A Tailândia está oferecendo ajuda financeira para turistas impossibilitados de deixar o país devido ao conflito no Oriente Médio.
O governo fornecerá 2.000 baht (US$ 63) por pessoa por dia para ajudar a cobrir as despesas de hospedagem de viajantes retidos por casos de força maior, como o fechamento do espaço aéreo.
A compensação será limitada a 20.000 baht por pessoa. Hotéis e outros estabelecimentos que hospedam esses turistas receberão os pagamentos diretamente.
Os custos serão cobertos por um fundo governamental criado para auxiliar turistas estrangeiros em emergências.
A compensação será aprovada somente se os operadores de hotéis e estabelecimentos similares não tiverem condições de arcar com as despesas de alimentação e hospedagem dos turistas retidos, afirmou Natthriya Thaweevong, secretária de turismo e esportes da Tailândia, em comunicado divulgado na terça-feira.
No mesmo dia, o Departamento de Imigração anunciou que isentaria as multas por permanência ilegal de turistas cujos vistos expiraram a partir de 28 de fevereiro, mas que não podem deixar a Tailândia devido à guerra com o Irã.
A multa por permanência ilegal é normalmente de 500 baht por dia.
Um total de 327 voos foram cancelados nos quatro principais aeroportos da Tailândia de sábado a quarta-feira, principalmente em rotas para o Oriente Médio, informou a operadora estatal Airports of Thailand.
Cerca de 49.700 pessoas foram afetadas, com aproximadamente 33 mil retidas no Aeroporto Suvarnabhumi, na região de Bangcoc, o maior aeroporto do país.
Cingapura e Malásia, que abrigam importantes aeroportos do Sudeste Asiático, também foram afetadas pelo conflito. Rotas que ligam a região à Europa estão sendo desviadas para evitar áreas de conflito armado, aumentando o tempo de voo em 90 minutos a três horas.

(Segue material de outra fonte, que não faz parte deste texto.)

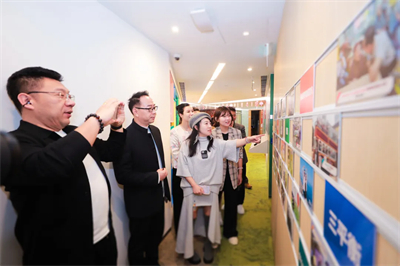 无限极家宴:合伙人与李锦记叙情谊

Alguns estrangeiros não conseguiram retornar para casa, mas não há indícios de grandes interrupções nas viagens em Cingapura ou na Malásia.
A rápida resposta da Tailândia aos viajantes retidos é impulsionada pela forte dependência do país em relação ao turismo. Setores relevantes, incluindo hospedagem e alimentação, representam quase 20% do Produto Interno Bruto (PIB) nacional. O crescimento econômico está diretamente ligado às variações no número de visitantes internacionais.
O número de visitantes estrangeiros na Tailândia diminuiu em 2025 pela primeira vez em quatro anos, com uma queda de 7,2%, para 32,97 milhões. Entre os fatores que contribuíram para essa queda estão o sequestro de um cidadão chinês e o conflito na fronteira com o Camboja.
O PIB real da Tailândia cresceu apenas 2,4% em 2025, o menor crescimento entre as principais economias do Sudeste Asiático.
O governo considera o Oriente Médio uma fonte promissora de turistas. Em 2019, o gasto diário per capita de viajantes do Oriente Médio foi, em média, de 6.115 baht, o maior entre todas as regiões, segundo o Ministério do Turismo e Esportes.
Os cerca de 750 mil turistas do Oriente Médio no ano passado representaram apenas 2% do total de turistas da Tailândia, o que indica um potencial de crescimento.
Com a guerra no Oriente Médio interrompendo as viagens da região por ora, a ajuda de Bangcoc pode representar uma estratégia para atrair mais turistas no futuro.
Na quinta-feira, a Tailândia anunciou os resultados oficiais das eleições gerais de 8 de fevereiro. Uma agenda econômica completa só será implementada após a formação de um novo governo, prevista para abril.
Amonthep Chawla, do grupo financeiro CIMB, afirmou que a rápida formação do governo é a única maneira de mitigar o grave impacto do conflito no Oriente Médio sobre o setor de serviços da Tailândia, incluindo hotelaria e transportes.